Selling HD Radio on AM, FM Radio
For over four years now, I’ve been entertained by the advertisements created to generate interest in HD Radio. The ads are often so clever that I laugh out loud. The acting has been consistently excellent. The production quality has been superb.
Over the years, I’ve also heard a lot of these ads placed with good frequency in drive times when most people are tuned in to AM and FM stations. But something is missing. While these advertisements have unquestionably helped pique curiosity about HD Radio, here in 2011 it’s time to take the marketing of HD Radio to the next level of success.
Few in our industry will argue with the premise that the reason most people listen to any kind of radio is to be entertained or informed.
This is precisely what is missing from the now hundreds of spots that have been created to promote HD Radio. To date, the ads I’ve heard have been too much about the HD Radio brand and not enough about what consumers will actually be listening to when they buy a new HD Radio for the car, home or office.
During 2011, I’m hoping HD Radio ads will finally tell consumers exactly what they can hear on HD for free, right now, in the city where they live.
We must put an end to the notion that if we tell consumers they can hear “lots of new stations,” they will flock to buy the HD product. The detail communicated this year must be specific.
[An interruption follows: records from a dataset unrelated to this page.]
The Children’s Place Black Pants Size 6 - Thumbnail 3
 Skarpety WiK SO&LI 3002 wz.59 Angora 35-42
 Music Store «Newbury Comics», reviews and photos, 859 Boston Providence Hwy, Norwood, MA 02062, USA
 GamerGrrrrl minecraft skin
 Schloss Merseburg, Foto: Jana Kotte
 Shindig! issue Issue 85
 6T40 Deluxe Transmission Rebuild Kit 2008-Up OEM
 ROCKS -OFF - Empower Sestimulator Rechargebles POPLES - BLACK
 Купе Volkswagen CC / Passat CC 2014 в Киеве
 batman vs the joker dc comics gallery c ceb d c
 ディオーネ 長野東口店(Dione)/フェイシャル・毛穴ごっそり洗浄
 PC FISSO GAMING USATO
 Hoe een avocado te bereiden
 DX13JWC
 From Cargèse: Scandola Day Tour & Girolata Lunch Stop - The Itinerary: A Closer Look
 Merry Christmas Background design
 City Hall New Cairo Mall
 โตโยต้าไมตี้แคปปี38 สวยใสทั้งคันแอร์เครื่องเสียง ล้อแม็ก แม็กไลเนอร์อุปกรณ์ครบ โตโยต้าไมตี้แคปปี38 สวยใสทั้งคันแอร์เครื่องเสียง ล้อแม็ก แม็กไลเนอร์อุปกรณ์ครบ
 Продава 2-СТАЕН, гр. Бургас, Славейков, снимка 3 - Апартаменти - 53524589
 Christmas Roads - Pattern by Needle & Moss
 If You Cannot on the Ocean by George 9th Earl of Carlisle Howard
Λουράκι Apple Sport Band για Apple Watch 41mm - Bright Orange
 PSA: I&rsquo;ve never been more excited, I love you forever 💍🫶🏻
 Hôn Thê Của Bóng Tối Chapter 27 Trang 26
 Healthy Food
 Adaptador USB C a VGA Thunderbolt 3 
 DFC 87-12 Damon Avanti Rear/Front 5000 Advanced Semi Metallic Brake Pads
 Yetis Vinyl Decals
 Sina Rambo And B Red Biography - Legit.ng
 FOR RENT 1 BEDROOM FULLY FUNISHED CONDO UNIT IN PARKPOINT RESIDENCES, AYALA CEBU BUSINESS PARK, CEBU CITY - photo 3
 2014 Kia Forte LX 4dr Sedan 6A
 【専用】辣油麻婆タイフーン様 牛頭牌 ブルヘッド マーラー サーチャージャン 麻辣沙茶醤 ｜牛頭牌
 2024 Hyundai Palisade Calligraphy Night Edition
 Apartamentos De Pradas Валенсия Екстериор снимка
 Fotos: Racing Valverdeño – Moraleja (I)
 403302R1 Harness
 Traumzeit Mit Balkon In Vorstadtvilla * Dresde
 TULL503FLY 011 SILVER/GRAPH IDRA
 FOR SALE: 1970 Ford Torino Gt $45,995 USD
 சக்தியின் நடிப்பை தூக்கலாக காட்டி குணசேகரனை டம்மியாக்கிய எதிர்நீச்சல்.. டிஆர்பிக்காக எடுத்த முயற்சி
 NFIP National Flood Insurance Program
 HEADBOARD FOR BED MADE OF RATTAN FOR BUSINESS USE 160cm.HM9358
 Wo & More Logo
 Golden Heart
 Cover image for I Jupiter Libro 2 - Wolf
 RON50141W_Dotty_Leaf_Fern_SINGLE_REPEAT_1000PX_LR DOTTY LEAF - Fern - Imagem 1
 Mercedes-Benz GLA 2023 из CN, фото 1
It has to be accurate. Most importantly, it must be local.
Let’s be specific by naming the actual formats available for free in your town. Example: “Here in Raleigh on HD Radio, you can now hear 15 new radio stations. The music stations include blues (clip), jazz (clip) and classic country (clip). Unlike satellite radio, these stations are free. Get the list of stations now at HDRadioRaleigh-Dot-Com.”
Another approach is to spend the entire spot on only one format in order to get those potential listeners really motivated to make the purchase.
I take you now to the HD Radio boardroom, where one will find corporate guys debating the validity of this claim that unique local content can sell radios.
Suit #1 says, “Lapidus has an interesting idea, but it’s too hard to get local stations to do the ads themselves. Plus, the local ads won’t sound as good as the national ads we do now.”
Suit #2 jumps in with, “People buy HD Radios because of the superior sound. If they really care about formats, they’ll go to our corporate website and find out more about what’s in their area.”
If I were in attendance, I would argue that most stations these days are perfectly capable of cutting great spots themselves — and if HD Radio ran a contest for the best local ads created by stations (and perhaps giving HD Radios to the winners), they’d have lots of excellent examples to play for the other stations to influence their creativity accordingly.
Further, the local clusters could take turns cutting ads for the whole market. At this point, partisanship in promoting only one cluster’s HD stations is truly counter-productive. We have to get people in mass numbers to purchase radios and only then can we compete for those listeners, which now would be like fighting over crumbs.
Moving on to Suit #2’s claim to the lure of superior sound, I’d point out that while fidelity is important to audiophiles, most listeners would need a side-by-side comparison in order to tell the difference between FM and HD, especially in a noisy car. In the words of an acquaintance, “FM is good enough for me.” To appreciate high-quality audio enough to buy HD, Joe Listener first has to be able to envision what he’ll be hearing on it.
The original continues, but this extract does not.